Unlike a summer downpour, Olafson had stuck around.

The son of a teacher and a bookkeeper, he’d attended Princeton on scholarship, graduated with a BA in finance and a minor in art history, and surprised everyone by eschewing Wall Street. Instead, he’d taken an entry-level scut job at Sotheby’s-gofering for a haughty American Paintings specialist. Learning what sold and what didn’t, learning that art collecting could be a disease for some, a pathetic attempt to social-climb for others. Kissing butt and fetching coffee and making the right kind of friends and moving up quickly. Three years later, he was department head. A year after that, he negotiated a better deal at Christie’s and took a bevy of rich clients with him. Another eighteen months and he was managing a white-glove gallery on upper Madison, selling European as well as American. Cementing more connections.

By age thirty, he owned his own place in the Fuller Building on West 57th, a high-ceilinged, softly lit vault where he peddled Sargents and Hassams and Friesekes and Heades and third-rate Flemish florals to Old Money and Slightly Newer Money Pretending to Be Old Money.

Within three years, he’d opened his second venture: Olafson South, on 21st Street in Chelsea, heralded by a soiree covered in the Voice. Lou Reed music, sunken-eyed Euro-trash, prep school arrivistes, and neo-moneyed dotcommers vying for cutting-edge contemporary pictures.

Juggling both locations, Olafson made a fortune, married a corporate attorney, had a couple of kids, and bought a ten-room, park-view co-op on Fifth and 79th.
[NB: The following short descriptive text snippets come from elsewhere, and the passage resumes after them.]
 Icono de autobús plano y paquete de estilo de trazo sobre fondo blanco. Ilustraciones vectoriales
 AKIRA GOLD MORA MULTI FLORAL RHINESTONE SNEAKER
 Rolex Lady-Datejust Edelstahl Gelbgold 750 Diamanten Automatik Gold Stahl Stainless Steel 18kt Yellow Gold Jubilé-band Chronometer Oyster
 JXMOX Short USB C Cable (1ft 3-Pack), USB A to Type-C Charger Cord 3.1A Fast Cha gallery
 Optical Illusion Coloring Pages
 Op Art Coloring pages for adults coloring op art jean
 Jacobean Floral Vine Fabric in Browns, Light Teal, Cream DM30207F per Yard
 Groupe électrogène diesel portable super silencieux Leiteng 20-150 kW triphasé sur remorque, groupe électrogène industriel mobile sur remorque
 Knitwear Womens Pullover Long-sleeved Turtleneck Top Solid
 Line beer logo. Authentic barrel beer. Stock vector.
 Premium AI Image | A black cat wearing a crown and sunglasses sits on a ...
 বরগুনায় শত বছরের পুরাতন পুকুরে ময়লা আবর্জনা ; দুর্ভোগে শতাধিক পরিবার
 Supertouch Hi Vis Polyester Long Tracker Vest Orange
Solidified yet more connections.

Despite a few rough patches.

Like the trio of Albert Bierstadt Yosemite paintings sold to a Munich banking heir that was most likely the work of a lesser painter-the experts’ best guess was Hermann Herzog. Or the unsigned Richard Miller garden scene unearthed at an Indianapolis estate sale and flipped overnight to a Chicago pharmaceuticals heir who displayed it in his Michigan Avenue penthouse with great hubris until the painting’s provenance was shown to reek.
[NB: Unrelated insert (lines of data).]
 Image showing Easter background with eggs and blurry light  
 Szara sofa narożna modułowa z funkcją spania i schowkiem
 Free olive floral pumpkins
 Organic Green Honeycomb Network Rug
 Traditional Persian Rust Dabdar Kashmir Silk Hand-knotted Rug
There’d been a few more misadventures over the years, but each incident was tucked safely away from the media because the purchasers didn’t want to look stupid. Besides, Olafson had been quick to take the paintings back and make full restitution, offering sincere apologies and claiming honest error.

Everything was going swimmingly until middle age took root, a time when everyone who was anyone in New York went through some kind of life-enhancing, soul-altering major spiritual change. At forty-eight, Olafson found himself divorced, estranged from his children, restless, and ready to conquer new vistas. Something quieter, and though he’d never abandon New York, Olafson had begun to crave a clear contrast to the New York pace. The Hamptons didn’t cut it.